Some of the old cameras, high school rodeo and other cowboy and rodeo memorabilia. Gaeil Farrar photo

Museum of the Cariboo Chilcotin displays taking shape in new home at Tourism Discovery Centre

While most artifacts remain in storage the public gets a taste of local history at the TDC

The Museum of the Cariboo Chilcotin may not be what it was when it was on Fourth Avenue but museum staff have the museum’s temporary home at the Tourism Discovery Centre looking pretty good these days.

The museum was moved from its former home on Fourth Avenue in June to its temporary location at the TDC to make way for a new 72-bed care facility being developed by InSite.

William Adams, the museum’s curator and executive director said they have been able to display about five per cent of the museum’s collection on the main floor of the TDC while the bulk of the collection is in storage in the basement of the centre.

Some of the museum’s iconic collection now occupies the main floor including the Cowboy Hall of Fame trophy and artifacts, the antique piano from the early days of the Alkali Lake Ranch, a telephone booth from the early days on Oliver Street, the safe from the city’s first courthouse and an early dentist’s chair with a peddle pump drill.

Then there is the oil barrel bull which held the cow patties used in the politicians’ bull throwing contest that was held during earlier Stampedes, plus display cases filled with Stampede, Stampede Queen and other rodeo memorabilia.

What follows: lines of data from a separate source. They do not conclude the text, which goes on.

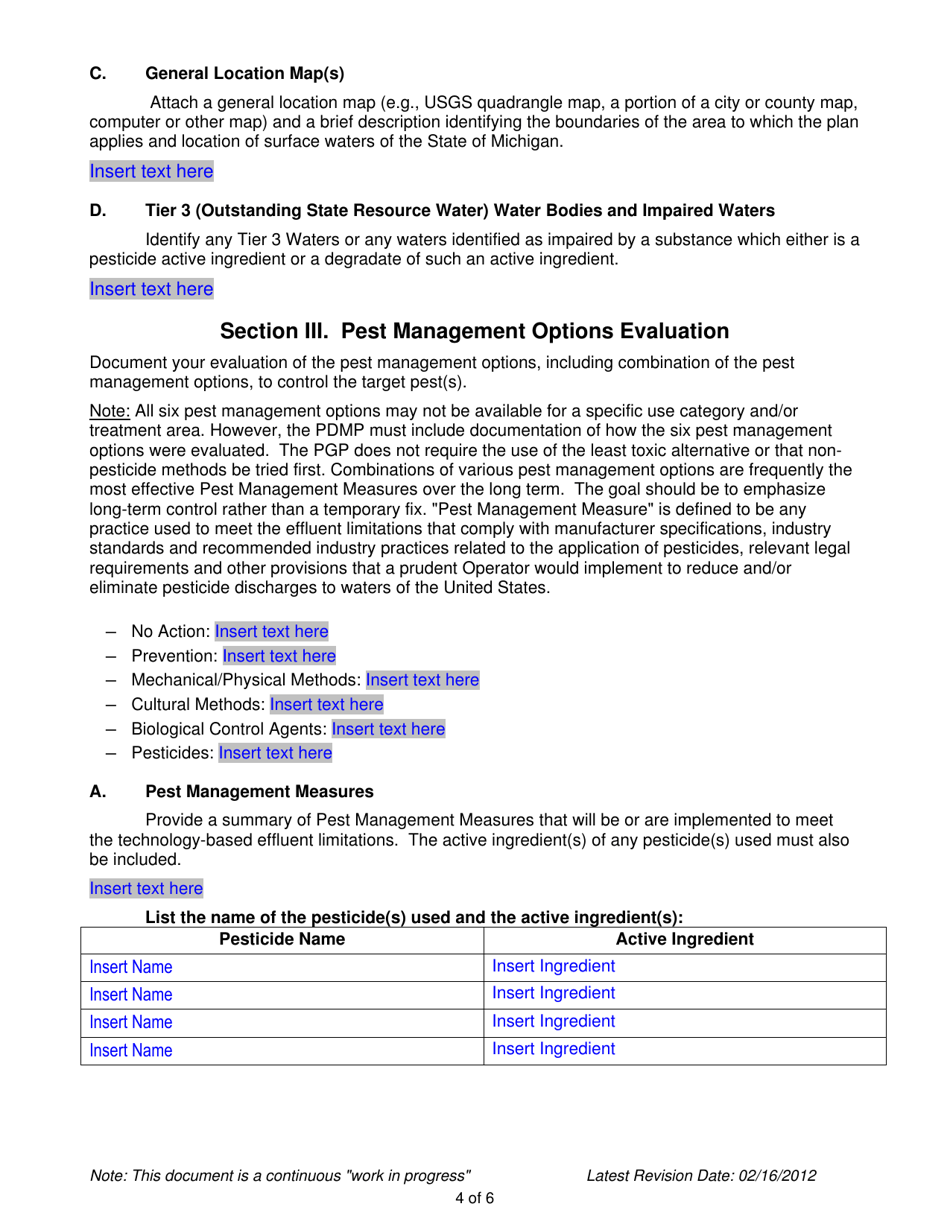 National Pollutant Discharge Elimination System Pesticide General Permit - Pesticide Discharge Management Plan (Pdmp) Template - Michigan, Page 4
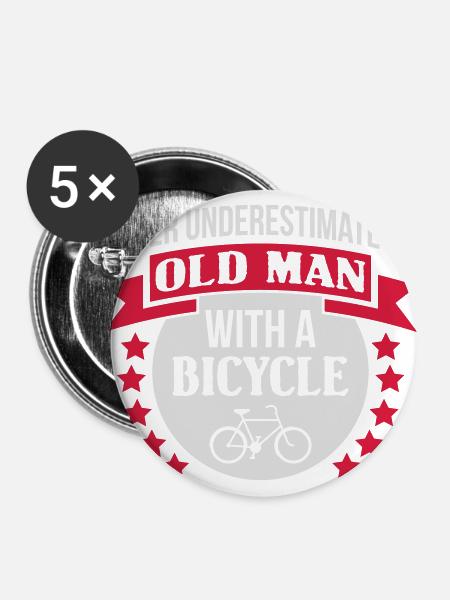 Old Man With A Bicycle - Buttons groß 56 mm (5er Pack) - Weiß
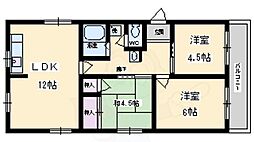 村崎マンション 3LDKの間取図画像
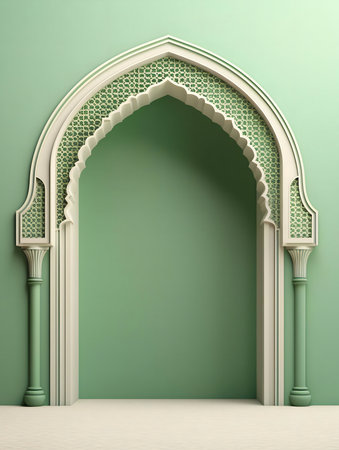 An image of an Islamic archway with intricate details. Green and white color scheme, serene and elegantの写真素材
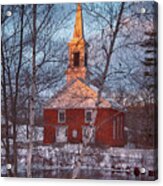 Country Church In Snow - Harrisville, Nh Acrylic Print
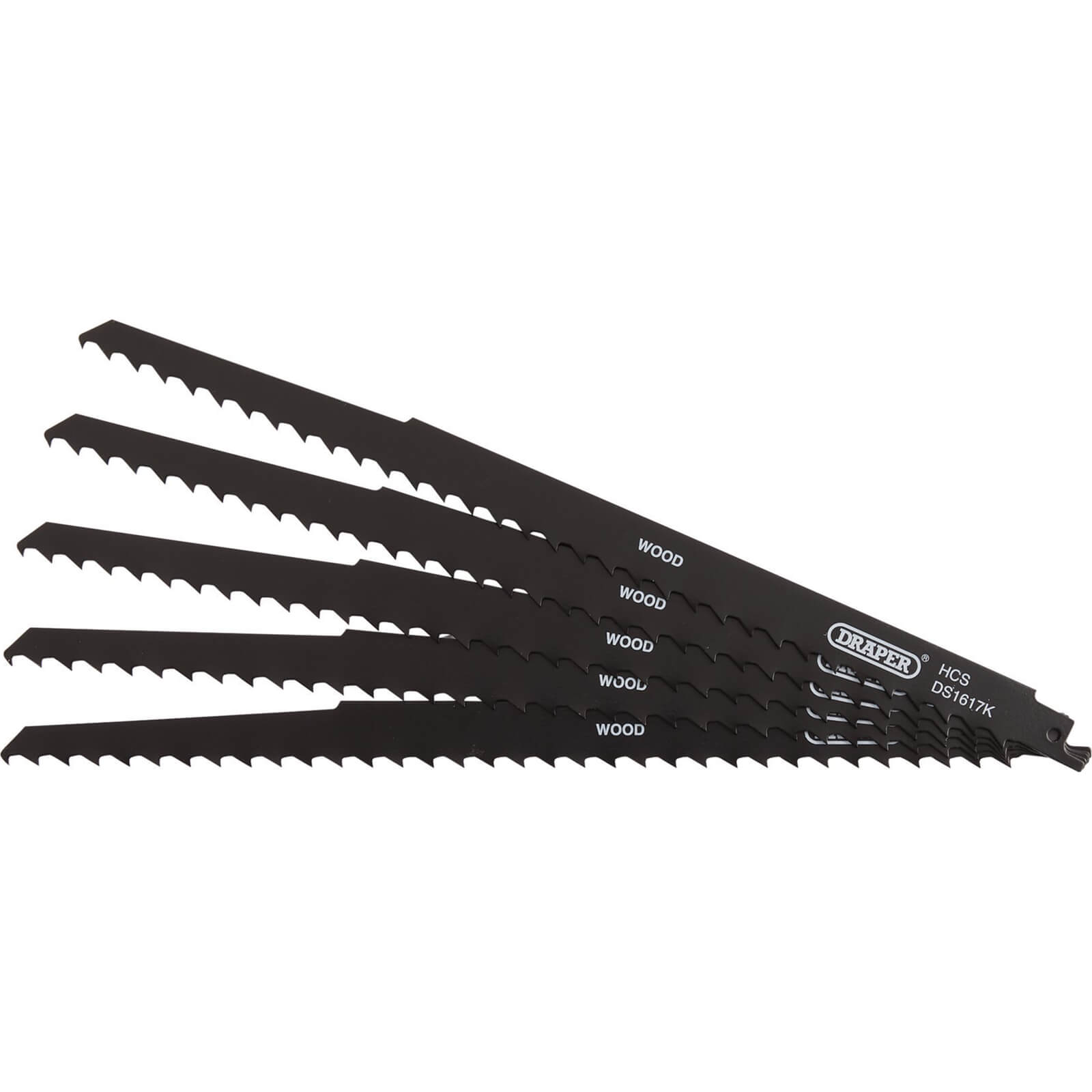 Draper Reciprocating Saw Blades For Pruning & Coarse Wood & Plastic Cutting, 300mm, 3Tpi (Pack Of 5) 42615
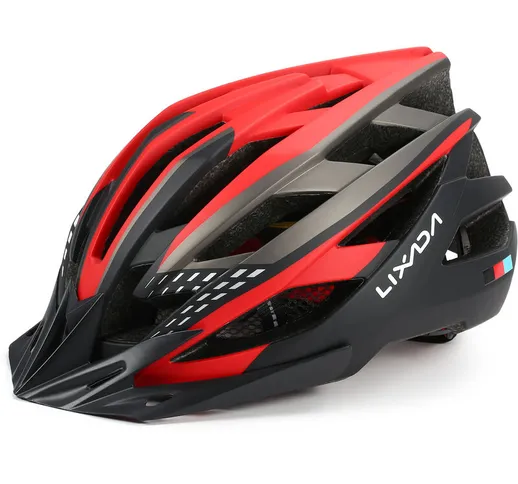 Lixada Casco da ciclismo traspirante con visiera parasole Riflettore posteriore sicuro Don...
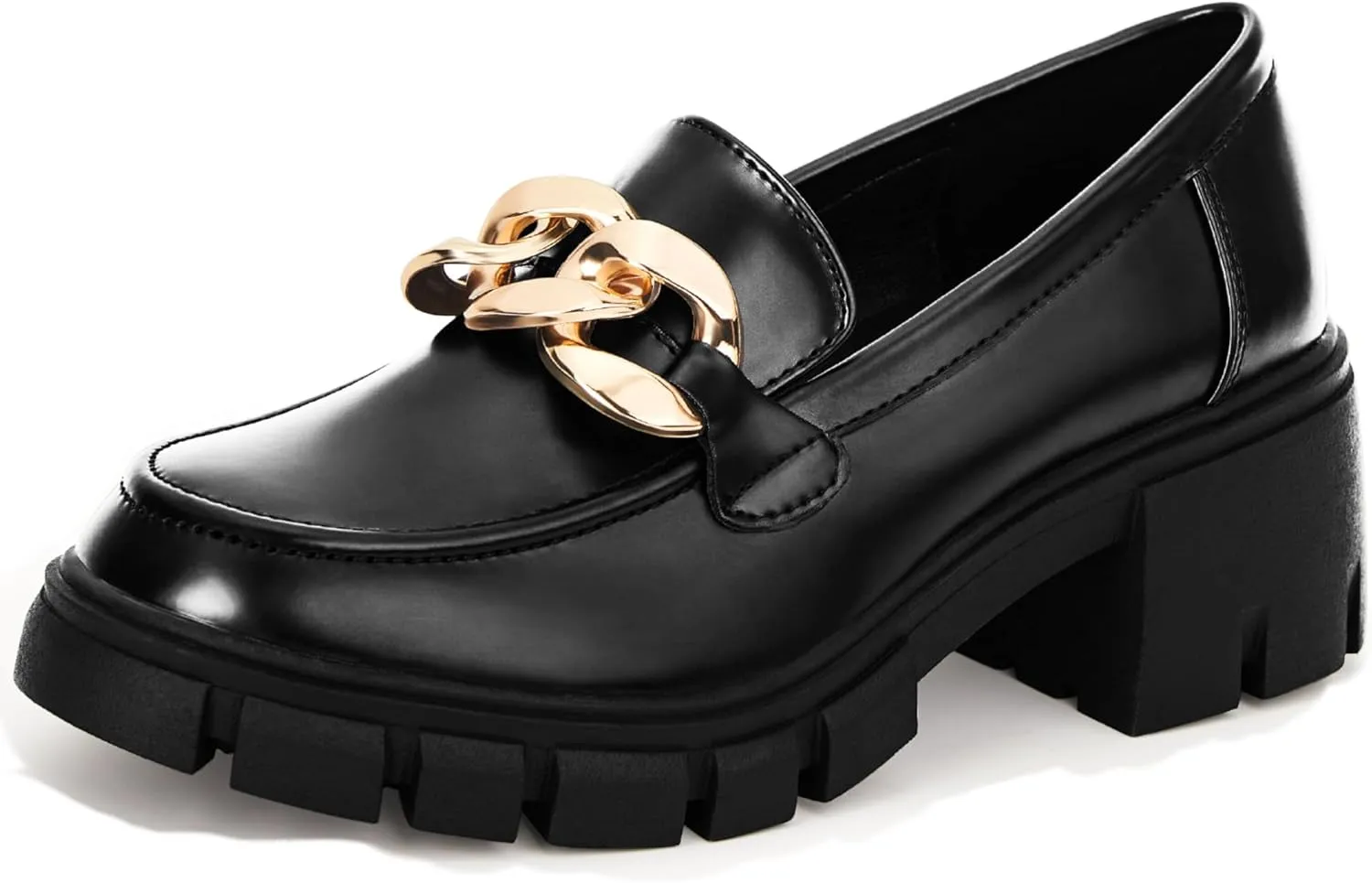 Loafers for Women Chunky Heeled - Work Shoes Platform Lug Sole Memory Foam Mocasines para Mujer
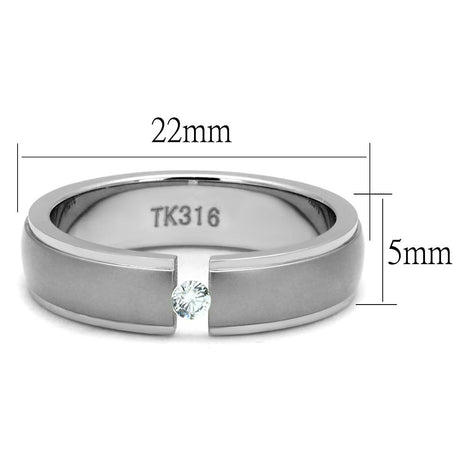 High polished (no plating) Stainless Steel Ring with AAA Grade CZ  in Clear
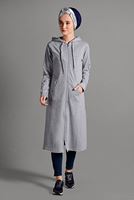 Tesettür giyim GRİ FERMUAR DETAYLI KAPÜŞONLU CEKET 4918 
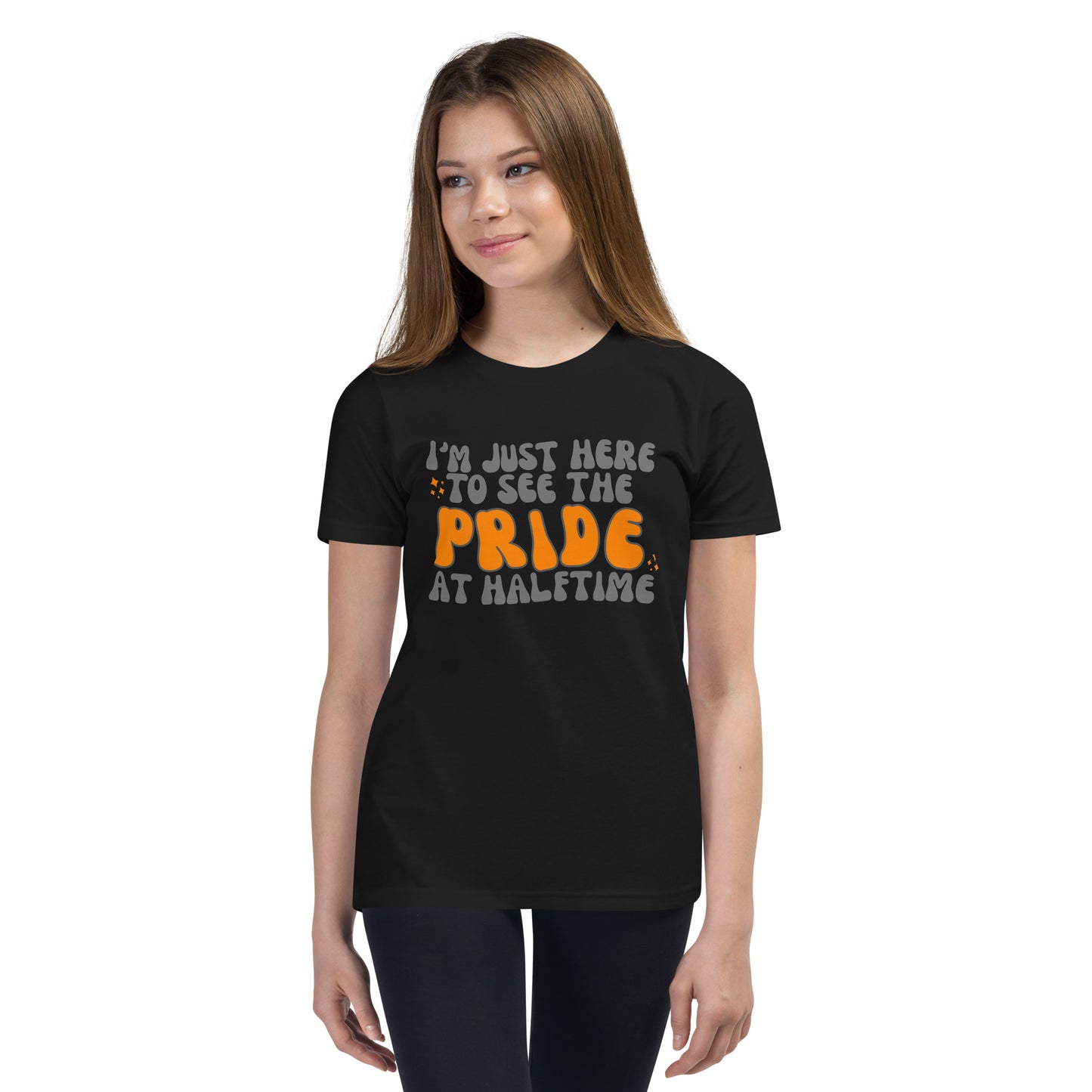 Just Here to see the Pride at Halftime GROOVY Youth Short Sleeve T-Shirt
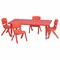Flash Furniture Rectangle Table Set, Plastic, Steel, Red YU-YCX-0013-2-RECT-TBL-RED-R-GG - alternate 1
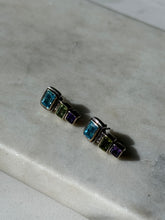 Load image into Gallery viewer, Blue Topaz, Peridot &amp; Amethyst Sterling Silver Earrings
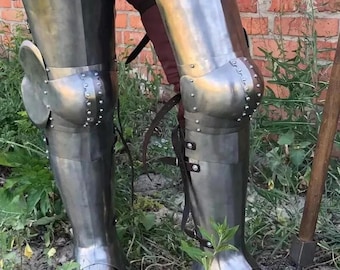 Steel Warrior Wearable Leg Armor Full Set Knight Upper Leg, Greaves, Sabatons | LARP Combat Leg Armor With Sabatons And Greaves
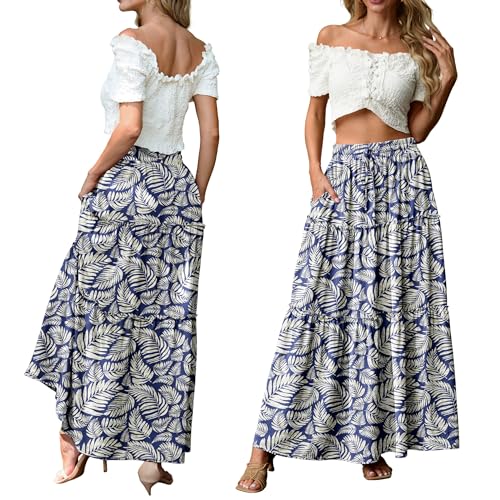 Image of Lepunuo Womens Casual Boho High Waisted Flowy Maxi Skirts Tiered Floral Long Skirts with Pockets for Summer Beach Vacation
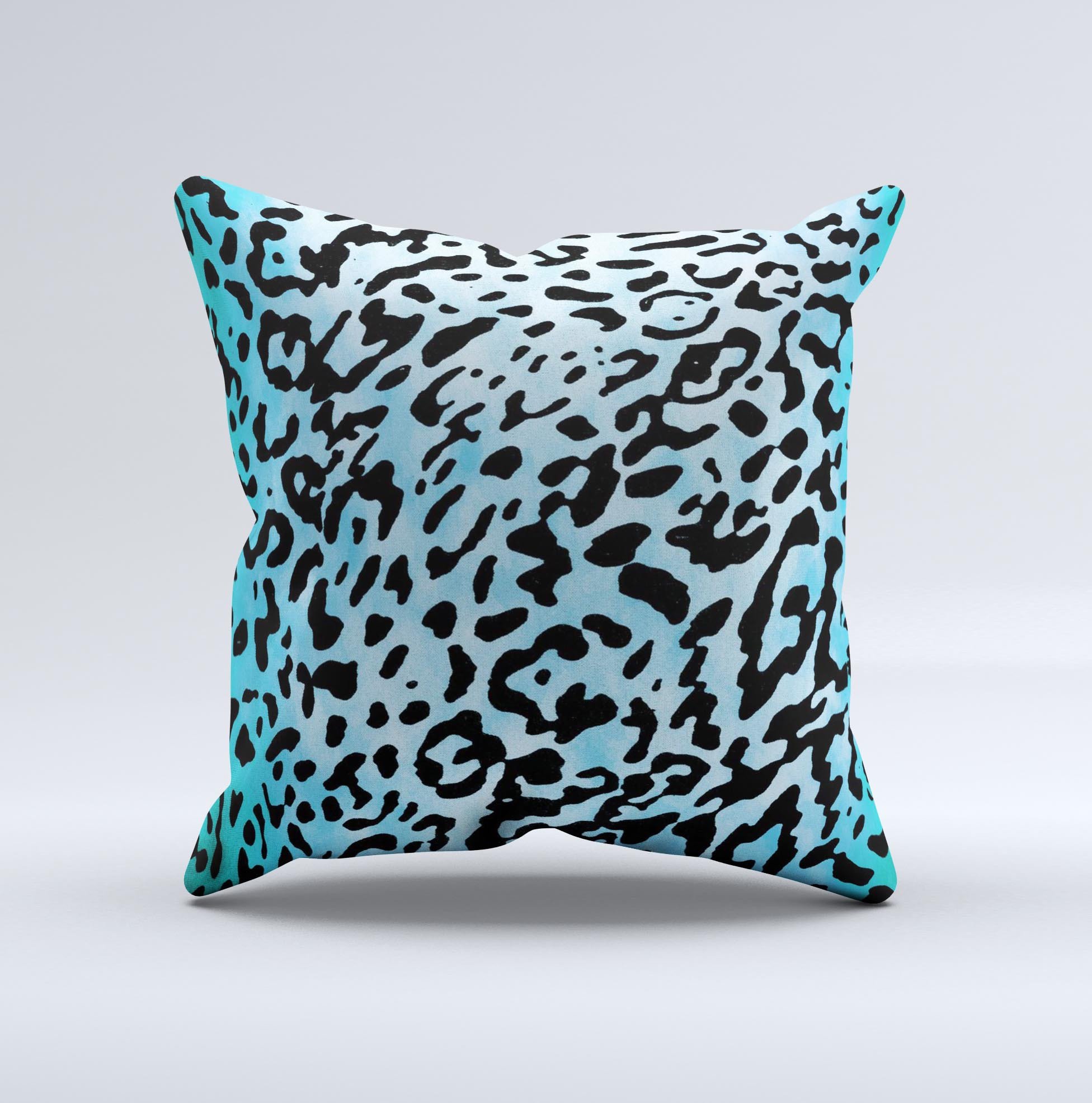 Hot teal cheetah animal print decorative throw pillow with vibrant colors and unique design, handmade in Virginia.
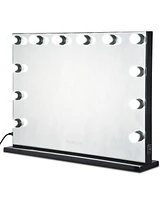 Byootique 33"x24" Hollywood Lighted Vanity Makeup Mirror 12 Led Bulbs Studio
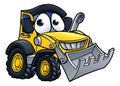 Cartoon Character Digger Bulldozer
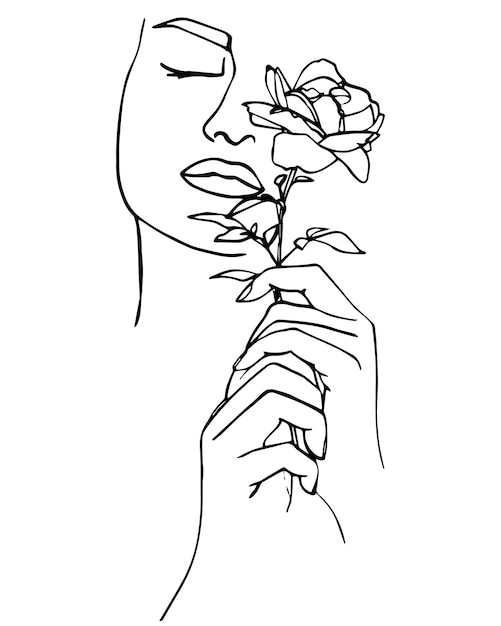 Portrait of beautiful woman with rose flower.  Line drawing. - Vector illustration.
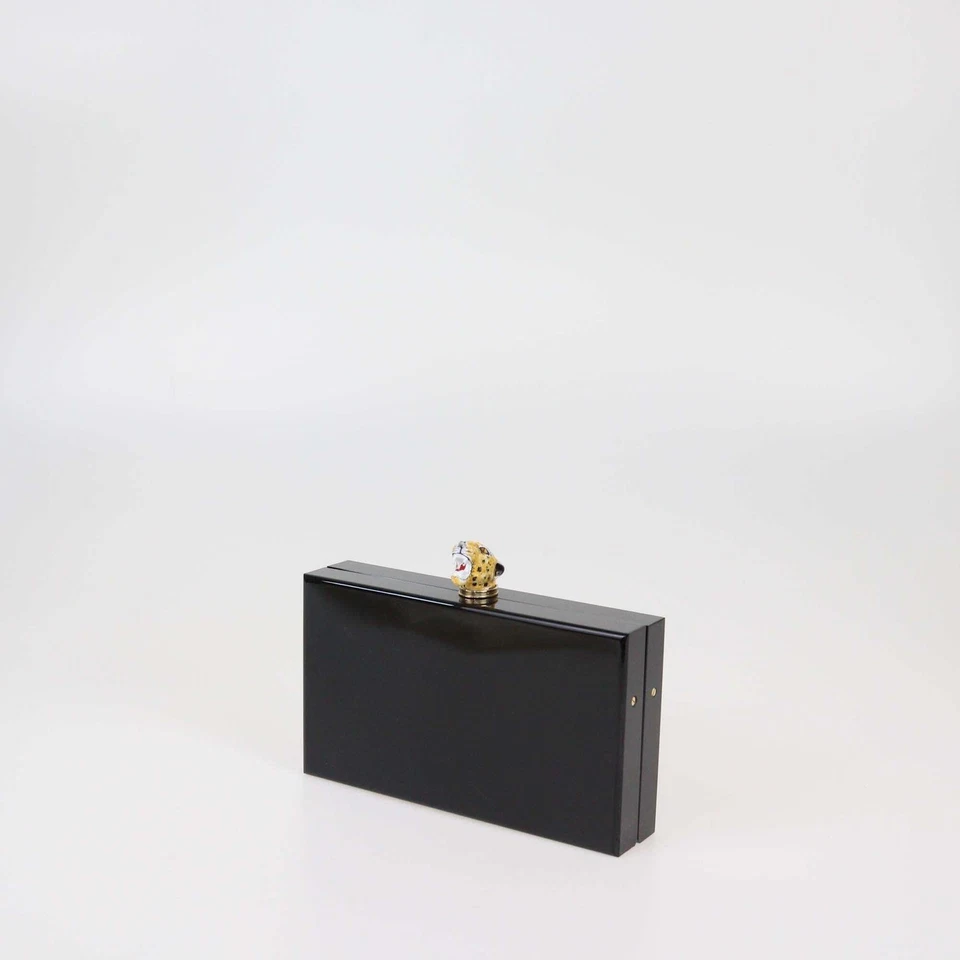 Charlotte Olympia Black Leopard Head Acrylic Clutch - Image 2 of 4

The popular replica of the early PGE train station is in place, although the train is not yet operational. There is also a replica of a lumber mill yard.

Four of the museum’s large collection of saddles are on display in the log cabin where people can sit and read about the area’s history.

Welcoming guests to that room is a mannequin dressed as Willie Crosina when he was the Stampede rodeo clown.

Adams said Crosina borrowed the wig again for a recent event.

Adams and his new assistant Joe Borsato are now working on establishing space and display cases for some of the First Nations artifacts in the museum’s collection that can be put back on display.

The Williams Lake Museum and Historical Society which manages the museum will hold a special general meeting in city council chambers Thursday, Sept. 28 starting at 7 p.m. to update the public on the museum activities.


Replica of the an early mill yard. Gaeil Farrar photo

Replica of the early PGE railway station with model trains that can be, but are not yet operational. Gaeil Farrar photo

BC Cowboy Hall of Fame trophy and artifacts. Gaeil Farrar photo

Museum of the Cariboo Chilcotin assistant Joe Borsato (left) and museum curator and executive director William Adams with some of the area’s histories which people can read at the museum’s new location in the Tourism Discovery Centre. Gaeil Farrar photo

A mannequin wearing Willie Crosina’s rodeo clown outfit welcomes visitors to the log cabin where some of the area’s history is located along with just four of the museum’s large saddle collection most of which is in storage. Gaeil Farrar photo

Gaeil Farrar photos Museum of the Cariboo Chilcotin executive director and curator William Adams (left) and museum assistant Joe Borsato welcome guests at the museum’s new temporary location in the Tourism Discovery Centre which features a beautiful log cabin right in the middle of the centre.

Museum of the Cariboo Chilcotin executive director and curator William Adams stands by the telephone booth that once stood on Oliver Street while museum assistant Joe Borsato stands with the safe that was once part of the operations at the city’s original courthouse that was located where Spirit Square is today. The metal cow used for the politician’s bull throwing contest during Stampedes stands to the left.